The advent of big data and the cloud was supposed to make distributing applications and data easier for global banks. A key selling point was to have a single location from which to run applications and store data which would make the process cheaper and easier. However, data protection and privacy regulations such as the General Data Protection Regulation (GDPR), the Australia Privacy Act and the Japanese Personal Information Protection Act have thwarted those promises.
Instead, global banks need multiple environments based on country or regional requirements, or a hybrid cloud approach, in which to store their data. Add to this the complexities of implementing a global data management programme, and a recipe for disaster is in the making.
From a data perspective, the goal of the cloud is data globalisation, where users are given access to a golden copy of data regardless of where they are located. However, in reality, due to the obstacles being imposed by many countries, data localisation is occurring. This is where a combination of multiple on-premises and cloud environments are set up to store the data. Due to these multiple instances however, uncertainty is created around the quality and accuracy of the data which reduces the data’s credibility.
In theory, the data protection and privacy regulations are supposed to create tight controls on flows of personal data outside their respective countries through requirements such as data centres needing to be located inside each country. However, this fails to recognise that the physical location of the data has no inherent impact on privacy or security. For example, if a bank is subject to European laws (e.g. GDPR), then the privacy risks of storing Europeans’ data inside the EU are no less than those of storing it outside. The bank would still have to treat the data according to the rules of GDPR. These types of data-residency requirements create inefficiencies in technology infrastructure.
Such country/region-specific regulations, which result in data localisation, are being introduced at a time when global banks are actively pursuing machine learning and artificial intelligence (AI) capabilities to boost productivity. The governments creating this environment need to understand that these regulations will come at a significant cost in terms of stifled innovation and productivity.
For machine learning and AI to be successful, organisations need access to vast amounts of data. Regulations that overly control the use of data, in effect, shackle AI. The core economic value of AI lies in its ability to automate complex processes, de-risk data environments, and increase the quality of the data output. The act of localising data will make it much harder for the banks to reap the benefits promised by AI.
Another issue created by regulations is the fragmentation of implementations. As noted above, many new cloud-based infrastructure strategies have a very region-centric or country-specific flavour. This causes implementations to become fragmented and limits the true benefits of data globalisation and cloud implementations. For example, housing data behind a firewall in a country-specific data centre creates a massive burden on the central infrastructure teams due to the significant maintenance and support costs. It is, in essence, the exact opposite of why cloud computing came about – to enable databases or applications to be set up wherever or whenever they were needed.
Regardless of where the data is physically located, the treatment of the data must go through the appropriate processes and controls and be subject to the required level of security. If all this happens, then the need for data to be stored in a particular country or region is mitigated.
This is where the data virtualisation layer comes in. It’s a concept that, when implemented appropriately, allows one single point of connectivity to obtain all the data required by the consumer. Having specific regulatory and privacy requirements, as well as entitlement-based ownership, needs to be at the forefront of design when determining a true implementation methodology. Regardless of whether the data is sitting on a public or private cloud, or a mix of both, a single point to access this data will create efficiencies. Once the core data virtualisation layer is enacted, and the treatment of the data can be managed via user and system entitlements, then the need to have distributed data stored across different regions becomes immaterial.
Finally, there needs to be an understanding of what data truly needs to be localised and why. For example, if specific data doesn’t need to be localised instantaneously, but does need to be available at the end of the day, it could yield one type of data storage need, while the intraday access and cache of data would yield a different requirement.
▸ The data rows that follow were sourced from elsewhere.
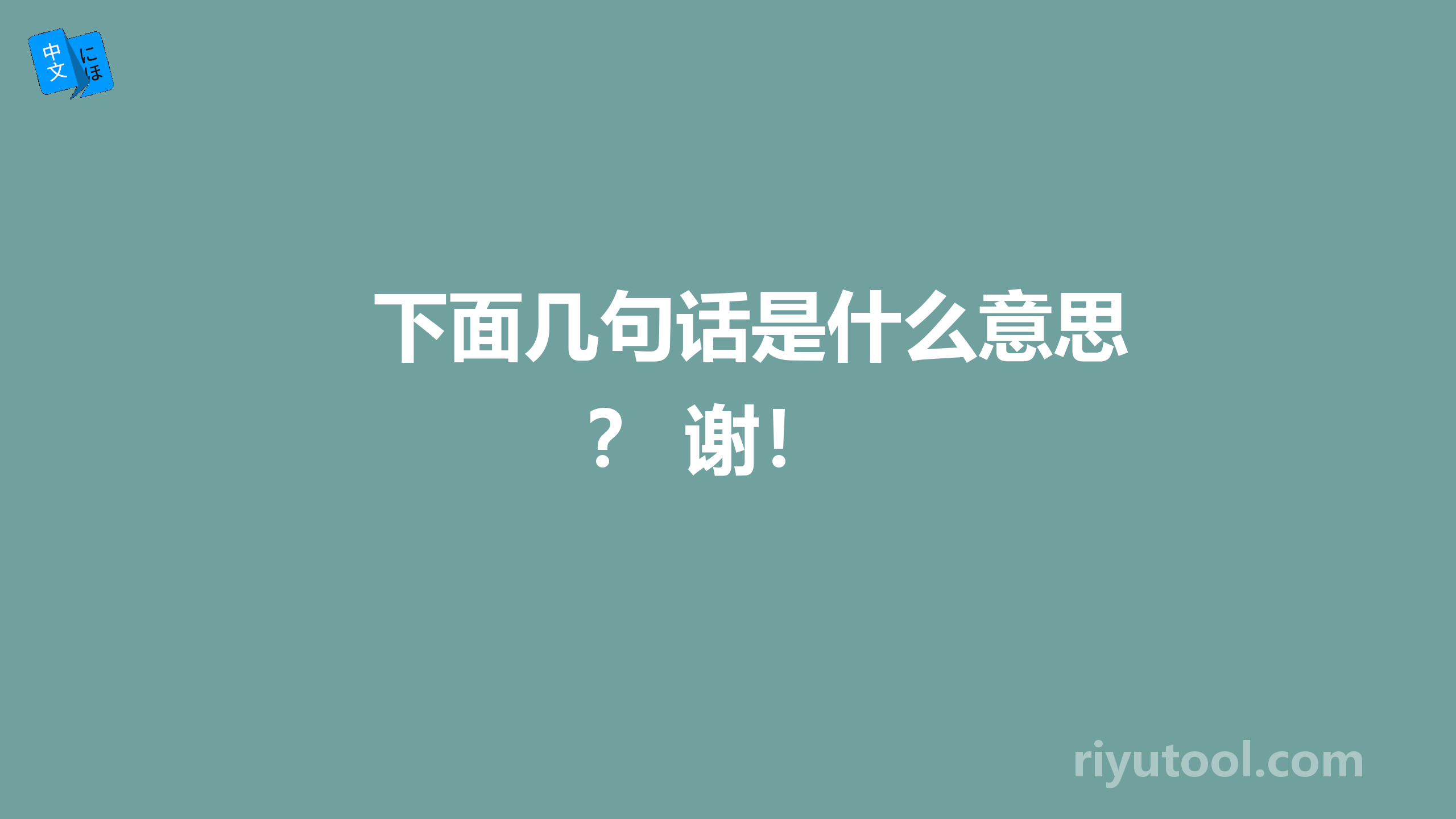 下面几句话是什么意思？ 谢！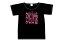 【ゲゲゲの鬼太郎】ゲゲゲの鬼太郎Tシャツゲゲゲの鬼太郎【L】【水木しげる】【目玉おやじ】【妖怪】【ネコ娘】【げげげのきたろう】【昭和】【ホラー】【シャツ】【ティーシャツ】【プリント】【服】【衣服】【妖怪ウォッチ】 1,986円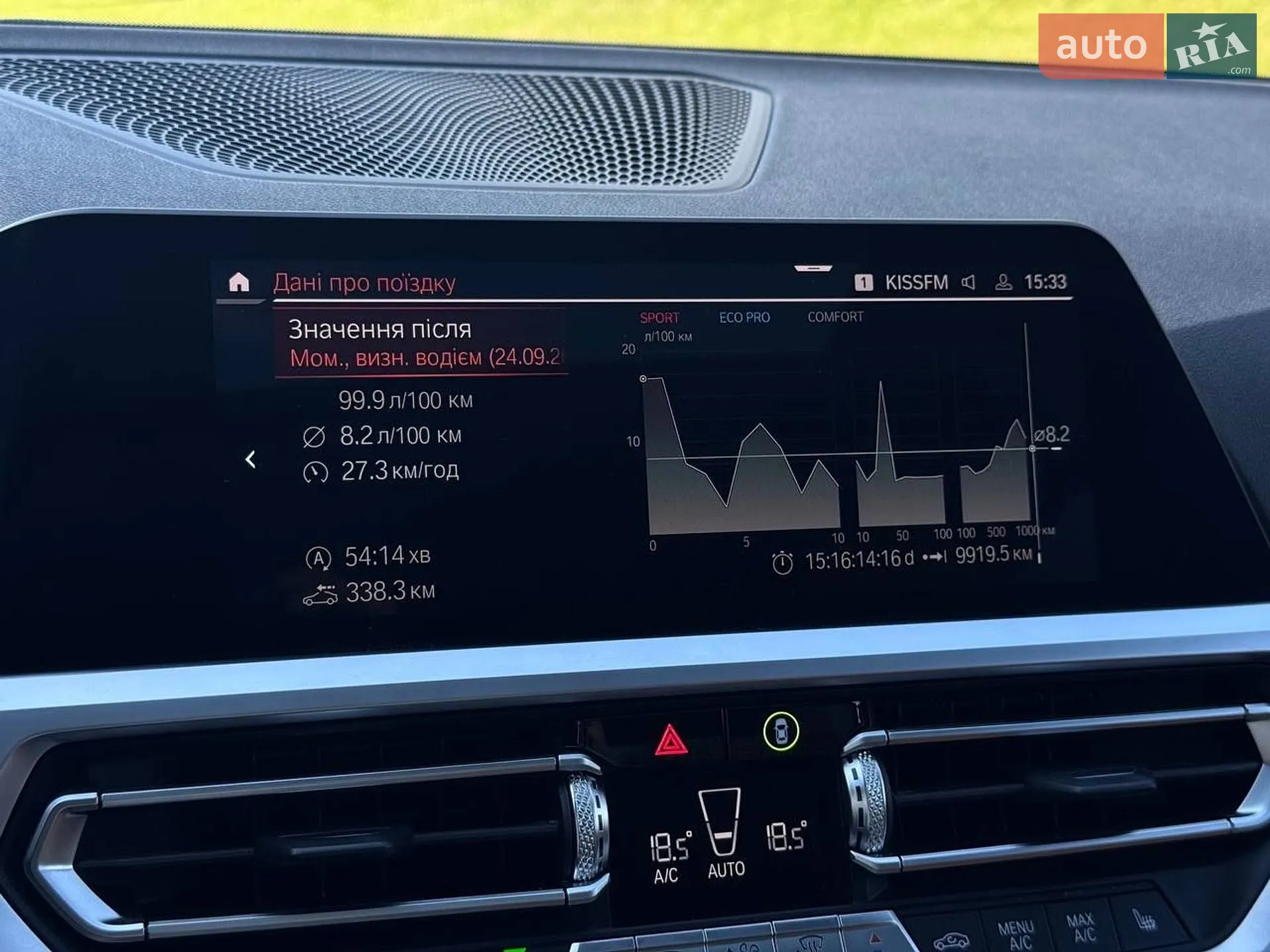 2019 BMW 3er - мініатюра 29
Public cloud onboarding has really only just begun in the financial services industry. The original implementation strategies and intended use of the cloud has already changed from the very early days and it should be anticipated that there will be significant changes to the environment in the foreseeable future. Increases to security requirements are inevitable, as is the ability to access the data in more sophisticated ways. Additionally, as regulations become more mature, there will be even more changes to how data use is monitored and measured.
There is no doubt that the use of cloud computing in financial services will continue to grow at an exponential rate. New cloud-based architectures will create efficiencies and innovations and allow firms to grow. However, none of these efficiencies and innovations will happen unless the regulations start to align with the technology and allow for data globalisation.